For example, what are you doing today? Don't answer yet.
ESRI started GIS Day a few years ago, and as I said in my editorial on January 3rd of this year, I applaud their efforts. But I'm not satisfied with the support it receives from the other sponsors. The is also National Geography Awareness week, but when you go to the National Geographic Society's website, the primary sponsor, there is nothing to be found, not even under kid activities. I don't get it? GIS Day activities are absent as well.
The other major sponsors that ESRI lists on the GIS Day website are equally deficient in promoting the cause: the American Association of Geographers, the USGS, and a few others nothing on their websites. If I were them, especially the USGS, I would want to promote GIS Day; I would want every Congressman wearing a little map button; Id be walking the aisles of the house chamber with a GPS receiver and a PDA-mapping application that shows where every back bencher was hiding out during the last vote on the budget. Can you say fiscal 2003 funding?
Id also have the president of the AAG out on a whistle stop tour of high schools telling kids to major in the geosciences when they get to college, and the benefits of understanding the applications of geography to all professions.
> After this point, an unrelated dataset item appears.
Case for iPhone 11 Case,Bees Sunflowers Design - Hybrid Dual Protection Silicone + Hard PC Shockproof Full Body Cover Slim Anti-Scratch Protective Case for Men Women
OGC? Absent. NSGIC? Sorry, out to lunch.
Another thing. Why haven't the other GIS software vendors embraced today? Because it was started by ESRI? Big deal. Jump on the bandwagon folks and start trumpeting the profession that we know and love. You're missing a golden opportunity to make the day your own and to drum up business besides.
In the school systems, which, to be sure, are already involved in GIS Day, the real potential resides. School students lack an awareness of what to do when they get into the real world. GIS is truly a tool to visualize and apply a learned understanding of the spatial interaction of physical and cultural phenomena. So, let's start getting the word out go map something today and show your kids tonight!